---
title: Recommending blog posts with machine learning
teaser: How we recommend similar posts with an LDA topic model.
tags: machine learning,natural language processing,python
author: George Brocklehurst
published_on: 2018-07-30
---

Regular readers of Giant Robots may have noticed that we recently added links to
recommended posts at the end of every post on the blog. The intention is to help
you find more posts that might be interesting to you. In this blog post I'm
going to get a little meta and talk about how we did that.

[This blog has been around for more than a decade][10-years], and has more than
1,600 posts. That's a lot of content to curate by hand, so when we wanted to add
related posts, we knew we needed an automated solution.

## What makes a good related post?

Ideally, the posts we recommend will be on similar topics to the one you just
finished reading.

We could consider using tags for this, but that doesn't give us much to work
with. Our average post has 2 or 3 tags, and while there are around 300 tags in
total, there are only 47 that we've used more than 10 times. If you were looking
at a post with a very popular tag—like [web][tag-web], or
[rails][tag-rails]—we'd have a lot of posts with the same tag that we could
recommend, but little information to narrow down which of those posts would be a
good follow-up to the one you're reading.

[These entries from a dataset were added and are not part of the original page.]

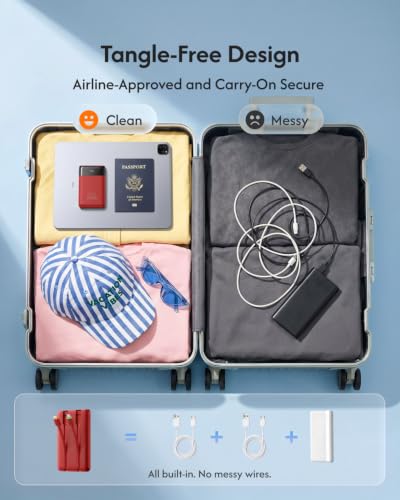 VEGER 10000mAh 22.5W Fast Charging Portable Charger with Built-in Cables - color: Red
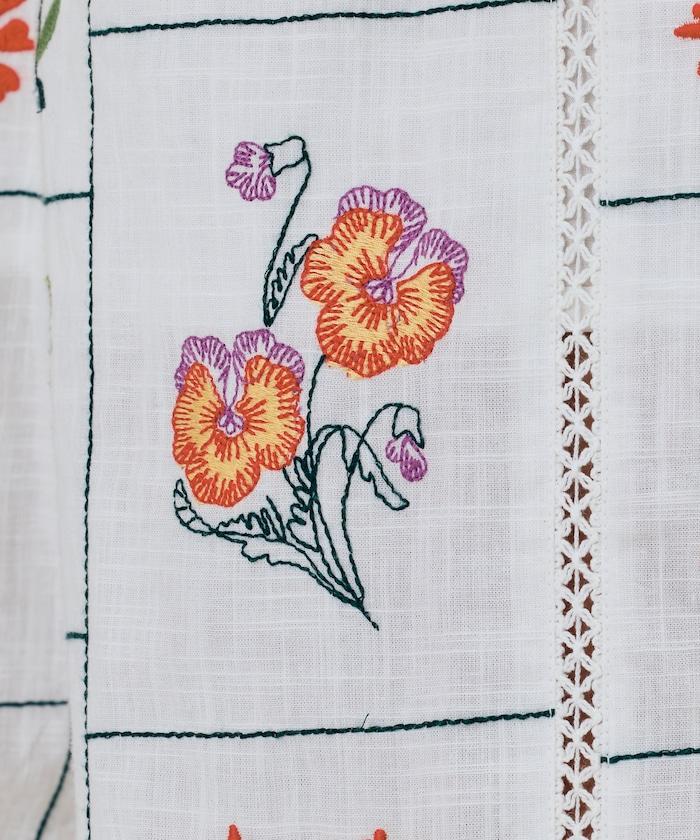 拼接花朵刺繡 褲子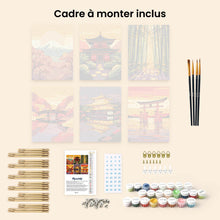 Charger l'image dans la galerie, Mini Peinture par numéros 15x20cm (6 pièces) - Coucher de Soleil au Japon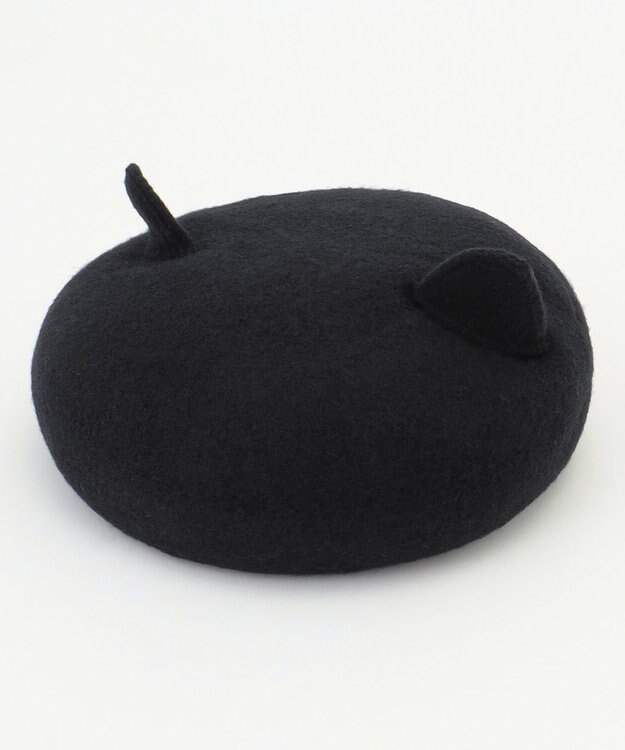 ANY KIDS ネコ耳つきベレー帽 ブラック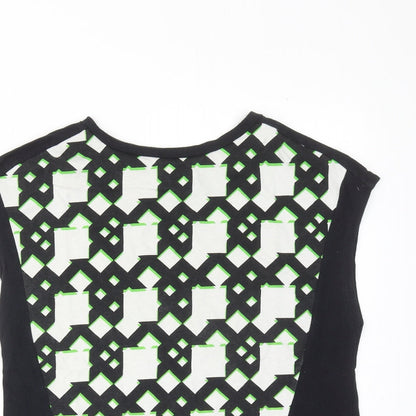 PeterPilotto Womens Black Geometric Cotton Basic T-Shirt Size XS Boat Neck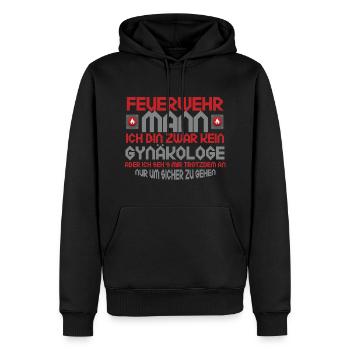 pompiers - Sweat à capuche Premium bio Homme - noir - Devant - Nico (187cm)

What we need is a more fine-grained approach to identifying the topics
covered by each post.

## Enter topic modelling

A topic model is a statistical model for discovering topics in a corpus of
documents, based on words that commonly appear together. Documents typically
cover multiple topics, giving different emphasis to each topic. For example a
post that is mostly about Test Driven Development might also touch on some Ruby
on Rails concepts in the examples it uses, in which case we'd expect to see lots
of words associated with the TDD topic and a scattering of words from the Rails
topic.

This can be very useful for finding related posts, because we can search for
similarities not just to one topic, but to the whole topic distribution of the
post. If you just finished a post that's mostly TDD with a hint of Rails, we can
recommend other posts that focus on TDD and mention Rails.

## The gory details

That covers the _why_ and the _what_, let's take a look at _how_.

We opted for a [latent Dirichlet allocation (LDA)][lettier] model, because it's
widely used, implemented by some well-supported libraries, and was something
we'd already experimented with for other projects. If you want to understand how
the algorithm works, I recommend [David Lettier's _Your Easy Guide to Latent
Dirichlet Allocation_ on Medium][lettier].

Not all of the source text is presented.